HC Deb 31 July 1961 vol 645 cc1104-14

Motion made, and Question proposed, That this House do now adjourn.—[Sir H. Harrison.]

12.7 a.m.

Mr. Ronald Bell (Buckinghamshire, South)

I draw attention to the effect of the regulations, made in 1959 by the Minister of Education, on the school attendance of very young children. It is fairly commonly known that few nations have a compulsory school age as low as five. Almost universally, the age when by law a child must go to school is either six or seven, but why in this island, where children mature relatively late, we come to have a starting age of five can only be due to some accident of our fairly recent history.

However, my object tonight is not to suggest that the starting age should be changed. I am afraid that it fulfils a useful function in providing a free repository for children while some mothers earn a second income for the family, and so I should probably not be successful in getting it changed, as well as being out of order on the Motion for the Adjournment.

What is particularly surprising in that when our starting age for compulsory schooling is the lowest in the world, we should also, by regulations made as recently as 1959, insist upon immediate full attendance, both morning and afternoon, of all children over the age of five who attend State schools. In the Education Act, 1944, which imposes upon parents the obligation to send their children to school and upon local authorities the obligation to provide schools, the arrangement of the school day is deliberately left to the local education authority.

The Act of 1944 is the basic Act which set up the post-war system of education. It is comprehensive, and it is drafted in clear and simple terms. There can be no doubt that it did not set out to draw up a Napoleonic Code of education under which standardised curricula and time tables would be devised centrally and complied with universally. The most remarkable feature of the Act is the small scope of the powers conferred upon the Minister of Education by it.
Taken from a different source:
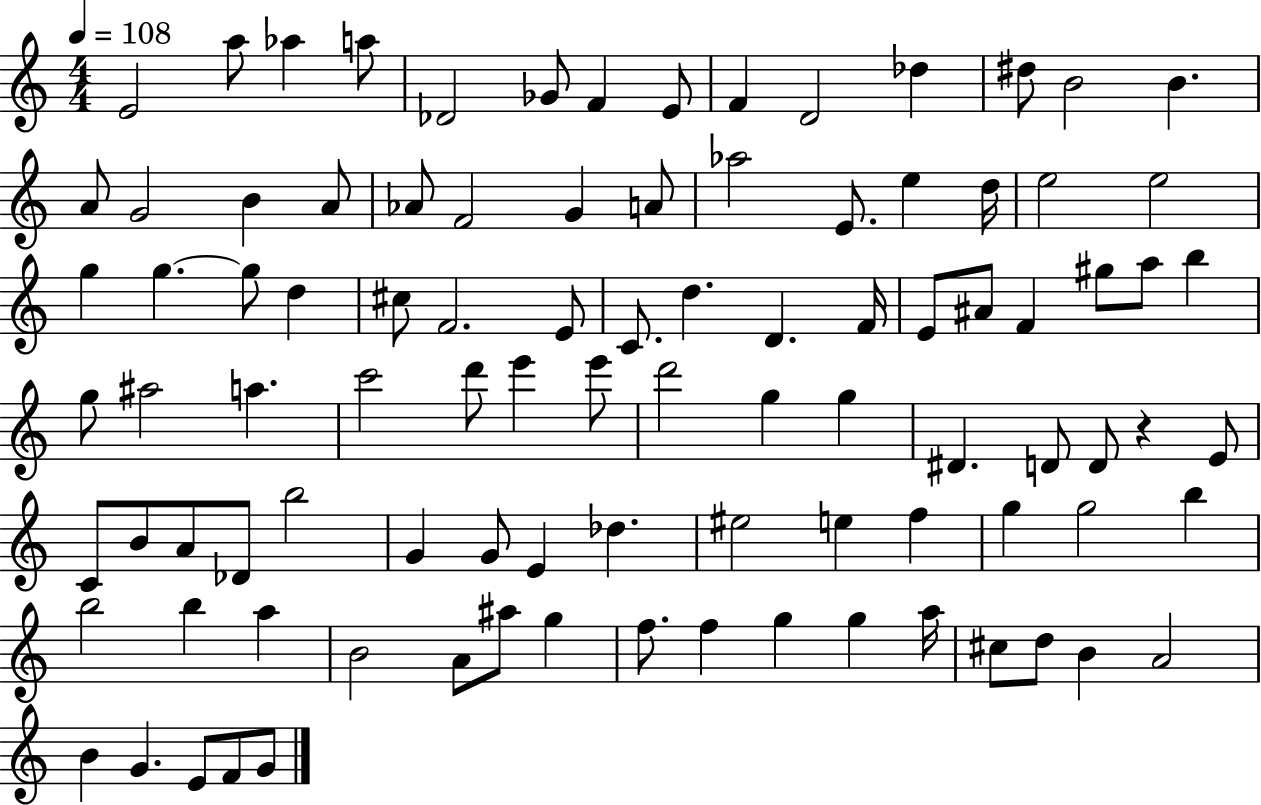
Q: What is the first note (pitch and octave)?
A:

On the other hand, the local education authorities form the keystone of the arch, and the special rights of parents are explicitly recognised and safeguarded under the Act. Nothing in it, nor in any Education Act passed since, nor in any regulations made under any Education Act, would make it possible for a Minister of Education to require of a child of five years of age—or, indeed, a child of any age—to attend a morning and an afternoon session in a normal school day.

This power was first exercised in the Education Regulations, 1959, and they were made under the Local Government Act, 1958, which introduced something which we call the block grant or the general grant, which included education, and I well remember the time when this new system of giving grants to local authorities was commended to us and obtained our approval, mainly upon the argument that it would increase the responsibility and the discretion of local authorities. It is, therefore, a little surprising to find that the Education Regulations, 1959, which make such punctilious provision for the attendance of children at school, among other matters, should be made under Section 3 of that Act, which is the default Section. The rubric to the Section is Power to reduce general grant in case of default and then the Section goes on to provide that: if the appropriate Minister is satisfied that a recipient authority has failed to achieve or maintain reasonable standards on the provision of any of the services giving rise to relevant expenditure … the grant may be withheld.

Under that Section any departmental Minister may make regulations for prescribing standards and general requirements for the administration of any of the services ranking for grant expenditure. It was under that Section—a Section not particularly concerned with education but with all Departments of the Government—that the Minister of Education of the day made the Education Regulations, 1959, specifying in detail a great many matters which he could not control under the Education Act, 1944, or any other Education Act. Therefore, we have the extraordinary position that so far from increasing local discretion and responsibility the general grant provision in the matter of education unleashed a sort of bureaucratic outburst which clamped a Napoleonic system upon the schools of England and Wales.

Since 1959 there has been no discretion anywhere in the educational system, in the case of parents, head teachers, local education authorities, or even in the Minister himself, because he retained no right to dispense with the Regulations and so had no discretion with regard to the attendance of a child at two sessions of every school day.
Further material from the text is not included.